**Required work**
In the listing that follows, the lines starting at the one containing "2010 Airstream 19CNB" and ending at the one containing "Nissan Juke Juke" are to be returned exactly, both boundary lines included, and no others.

**Exercise data**
********
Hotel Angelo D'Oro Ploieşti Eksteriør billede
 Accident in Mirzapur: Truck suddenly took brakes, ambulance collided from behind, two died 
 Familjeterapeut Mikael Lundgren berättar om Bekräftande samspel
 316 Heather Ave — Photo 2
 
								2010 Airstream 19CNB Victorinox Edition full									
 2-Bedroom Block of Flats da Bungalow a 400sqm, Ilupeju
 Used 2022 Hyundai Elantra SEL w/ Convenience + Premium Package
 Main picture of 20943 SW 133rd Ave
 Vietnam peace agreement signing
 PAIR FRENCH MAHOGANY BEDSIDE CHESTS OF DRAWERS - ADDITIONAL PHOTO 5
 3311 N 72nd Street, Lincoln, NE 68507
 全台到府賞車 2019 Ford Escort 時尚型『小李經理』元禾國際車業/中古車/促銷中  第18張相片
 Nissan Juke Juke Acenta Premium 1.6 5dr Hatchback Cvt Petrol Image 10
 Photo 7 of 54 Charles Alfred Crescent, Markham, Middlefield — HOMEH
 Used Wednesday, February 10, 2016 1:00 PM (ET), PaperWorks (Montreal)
********
**Your response**
								2010 Airstream 19CNB Victorinox Edition full									
 2-Bedroom Block of Flats da Bungalow a 400sqm, Ilupeju
 Used 2022 Hyundai Elantra SEL w/ Convenience + Premium Package
 Main picture of 20943 SW 133rd Ave
 Vietnam peace agreement signing
 PAIR FRENCH MAHOGANY BEDSIDE CHESTS OF DRAWERS - ADDITIONAL PHOTO 5
 3311 N 72nd Street, Lincoln, NE 68507
 全台到府賞車 2019 Ford Escort 時尚型『小李經理』元禾國際車業/中古車/促銷中  第18張相片
 Nissan Juke Juke Acenta Premium 1.6 5dr Hatchback Cvt Petrol Image 10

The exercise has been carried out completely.